Now that is just downright scary that the U.S. Department of Education would report things that are in such error. But they do. And it is picked up and run with by many who support any kind of firearms restrictions that it somehow takes on a life of its own, even when it’s false. If it’s on the Internet it has to be true, right? We hear it over and over again, that firearms are the problem. Murders, firearms victimization and other gun-related things are a crisis. Why do we hear this when the numbers do not support these claims? Because the world has changed. The Internet has made the ability to post and have spread around the nation or world in minutes any claim that anyone wants to make. Even if it’s not true. And many people today are just plain too lazy to do any research for themselves. They rely on others, even when those others may not have the facts (or may have an agenda), to tell them what they should think.

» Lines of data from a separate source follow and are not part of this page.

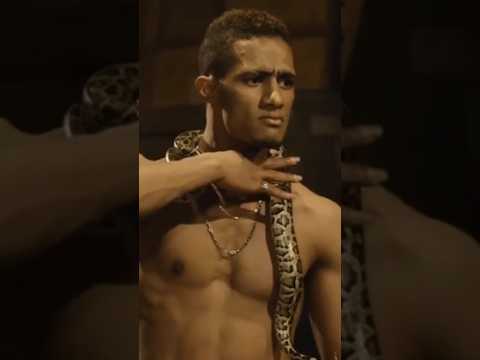 انا لسه شب والحياة قصادي طويله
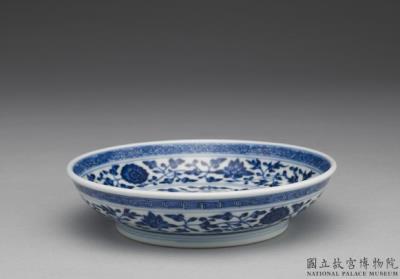 图片[3]-Dish with Indian lotus scrolls in underglaze blue, Qing dynasty, Qianlong reign (1736-1795)-China Archive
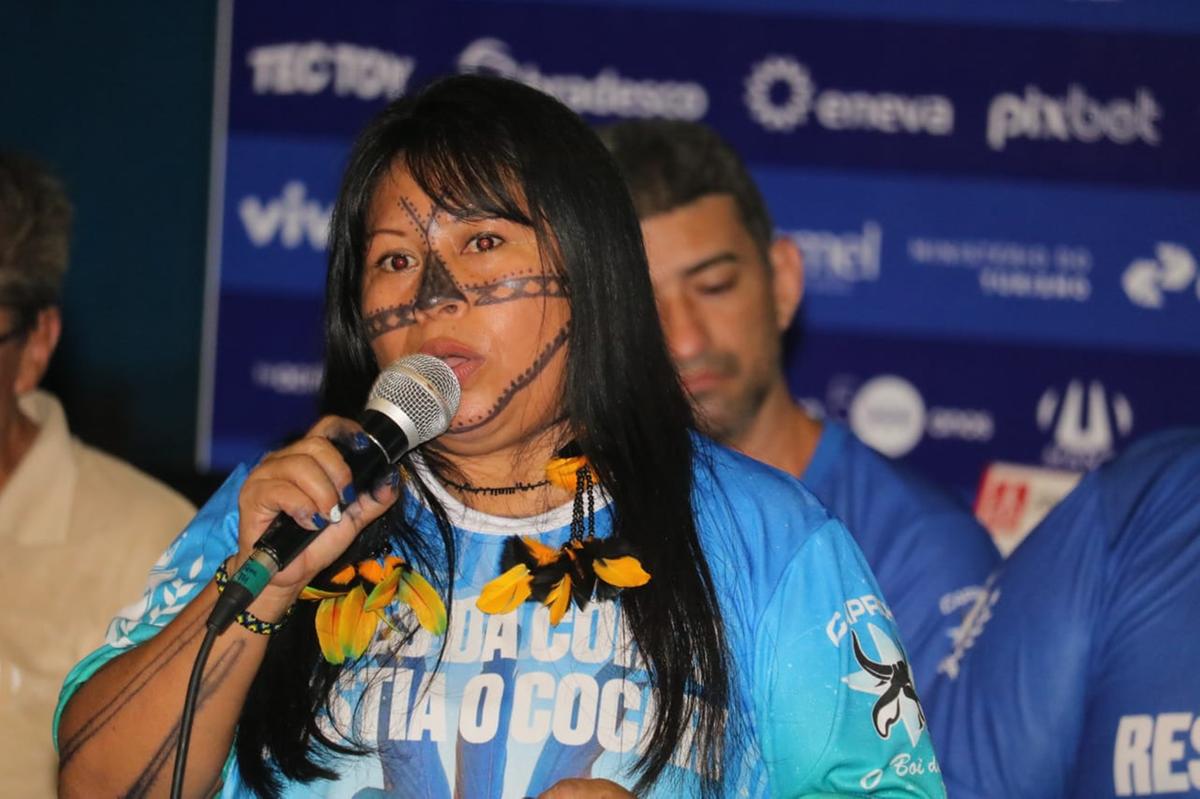 A líder indígena Alessandra Munduruku (Márcio Silva/A Crítica)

Here is a fun experiment to try. Find someone that wants to have stricter gun control laws or restrictions. Ask them simply why they want them. If they say because of all the murders or school shootings, simply ask them how much have these things gone up over, say, the last 25 years or so. Ask them to tell you what the increase in numbers has been. When they can’t, simply ask them: Then why do you want restrictions? If they point to bogus, made-up numbers, help them out by directing them to the FBI Violent Crime Statistics and ask them to again prove their claim. They can’t.

We live in the instant information age, even if that information may be misleading, or worse, made up. Information takes on a life of its own and becomes fact because so many people read it and tweet it and post it. It must be true, right? The answer? No.